2. The powder metallurgy sintering furnace with waste gas purification function according to claim 1, characterized in that, The filter element installation mechanism (7) includes a slider (71), a damping spring (72), and an exhaust gas purification filter element (73). The inner sides of the two sets of exhaust gas purification housings (3) are slidably connected to the slider (71). The two sets of sliders (71) and the side walls of the two sets of exhaust gas purification housings (3) are respectively fixedly connected to the damping spring (72). The exhaust gas purification filter element (73) is slidably placed on the inner side of the exhaust gas purification housing (3). The exhaust gas purification filter element (73) and the slider (71) cooperate with each other.
3. A powder metallurgy sintering furnace with waste gas purification function according to claim 2, characterized in that, The closing mechanism (8) includes a fixing block (81), a sealing block (82), a spring (83), and a limiting unit. The fixing blocks (81) are fixedly connected to both sides of one end of the slider (71). The two sets of fixing blocks (81) have a sliding groove on one side. The sealing blocks (82) are slidably connected to the inner side of the two sets of sliding grooves. Multiple sets of springs (83) are fixedly connected between the two sets of sealing blocks (82) and the two sets of sliding grooves. The limiting unit is used to limit the fixing blocks (81) and the sealing blocks (82).
4. A powder metallurgy sintering furnace with waste gas purification function according to claim 1, characterized in that, The inner two side walls of the exhaust gas purification housing (3) are fixedly connected to limiting units, which are used to limit the fixing block (81) and the sealing block (82).

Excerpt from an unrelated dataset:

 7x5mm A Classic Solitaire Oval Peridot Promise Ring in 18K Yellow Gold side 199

5. A powder metallurgy sintering furnace with waste gas purification function according to claim 4, characterized in that, The limiting unit includes a sealing block base (84), a limiting block (85), a fixing plate (86), and a sealing groove (87). The inner side walls of one set of the exhaust gas purification housing (3) are fixedly connected to the sealing block base (84). The limiting block (85) is fixedly connected to one side of the two sets of sealing block bases (84). The fixing plate (86) is fixedly connected to the other side of the two sets of sealing block bases (84). The sealing groove (87) is opened on the inner side of the two sets of sealing block bases (84). The sealing groove (87) and the sealing block (82) cooperate with each other.

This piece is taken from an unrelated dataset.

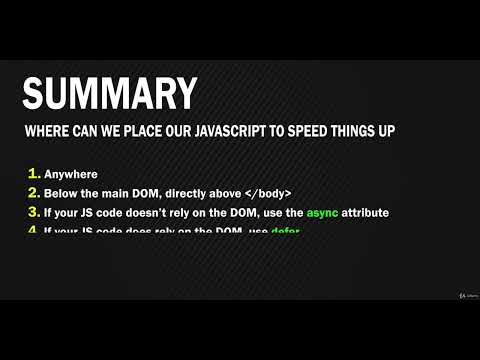 JavaScript Grandmaster 1610 Summary of where we can place our JS to improve the CRP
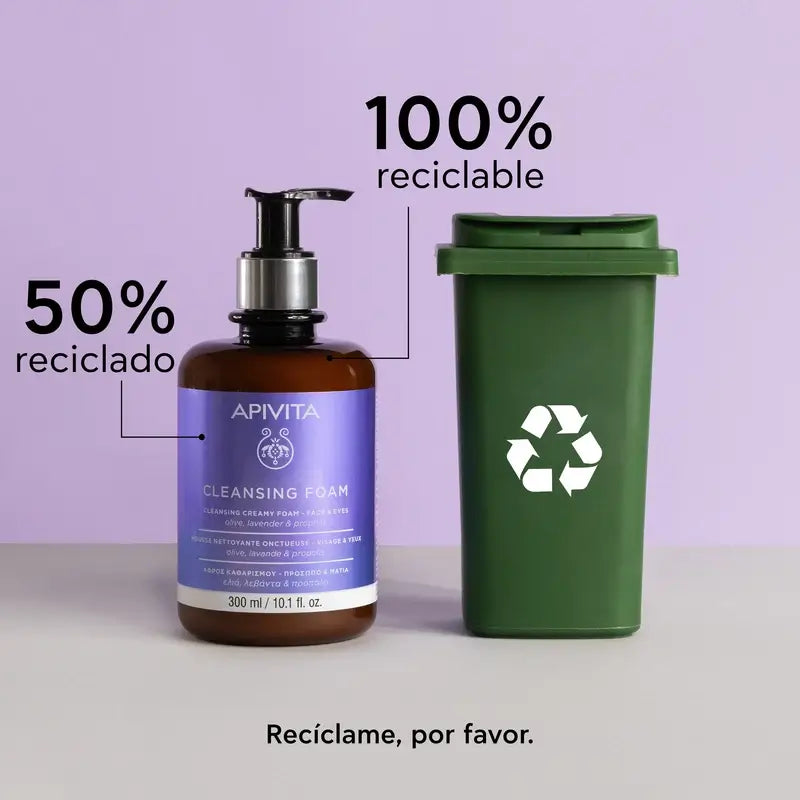 Apivita Facial Cleansing Promotion - Gesichts- und Augenreinigung Schaumreinigungscreme, 300ml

6. A powder metallurgy sintering furnace with waste gas purification function according to claim 1, characterized in that, A heat dissipation mechanism (6) is fixedly connected to one side of the upper end of the powder metallurgy sintering furnace body (1), and the exhaust pipe (2) is fixedly connected to the heat dissipation mechanism (6) through it. The heat dissipation mechanism (6) is used to dissipate heat from the exhaust pipe (2).
7. A powder metallurgy sintering furnace with waste gas purification function according to claim 6, characterized in that, The heat dissipation mechanism (6) includes a heat dissipation box (61), heat dissipation fins (62) and a fan module (63). The heat dissipation box (61) is fixedly connected to one side of the upper end of the powder metallurgy sintering furnace body (1). The heat dissipation box (61) is fixedly connected to both ends of the heat dissipation box (61). The fan module (63) is fixedly connected to both ends of the heat dissipation box (61).
8. A powder metallurgy sintering furnace with waste gas purification function according to claim 1, characterized in that, The outer layer of the exhaust gas purification filter element (73) is made of polyester fiber material, the middle layer is made of honeycomb activated carbon material, and the inner layer is made of glass fiber material.